* [Instructions to follow]: Write out the records in full and without alteration, setting aside their pictures.

* [Data records]:
────────────────────────────────────────

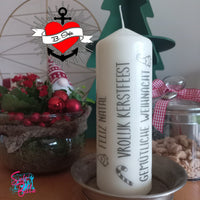 Einzelne Kerze dekoriert mit festlichen Botschaften wie "Feliz Natal" und "Vrolijk Kerstfeest", ideal für kreative Weihnachtsprojekte mit der Plotterdatei von easy-sticks.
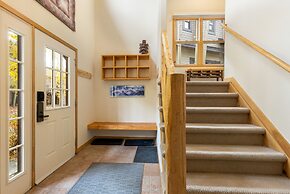 1952 Northstar 3 Bedroom Townhouse by RedAwning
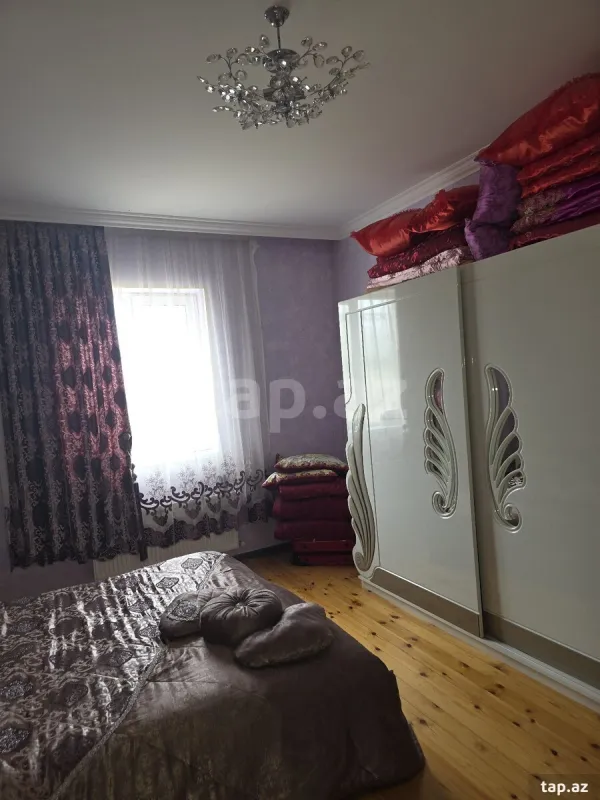 Satılır 4 otaqlı həyət evi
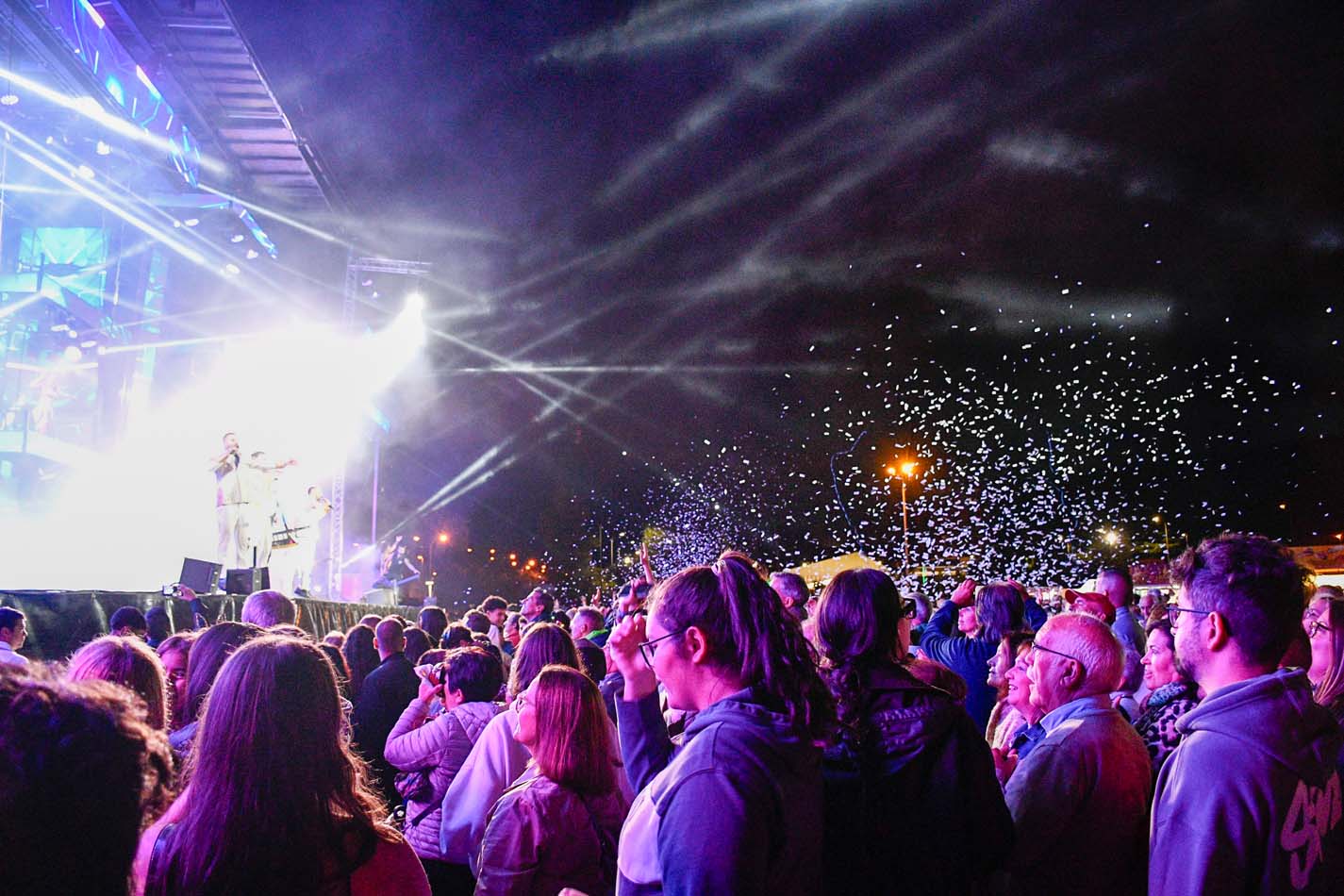 Actuación de la orquesta Panorama en las Fiestas de la Encina (46)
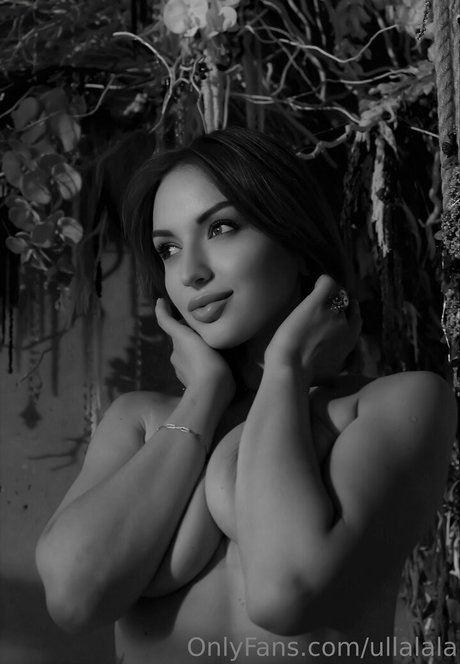 ullalala perfect actress image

────────────────────────────────────────

* [Reply]:
 Einzelne Kerze dekoriert mit festlichen Botschaften wie "Feliz Natal" und "Vrolijk Kerstfeest", ideal für kreative Weihnachtsprojekte mit der Plotterdatei von easy-sticks.
 1952 Northstar 3 Bedroom Townhouse by RedAwning
 Satılır 4 otaqlı həyət evi
 Actuación de la orquesta Panorama en las Fiestas de la Encina (46)
 ullalala perfect actress image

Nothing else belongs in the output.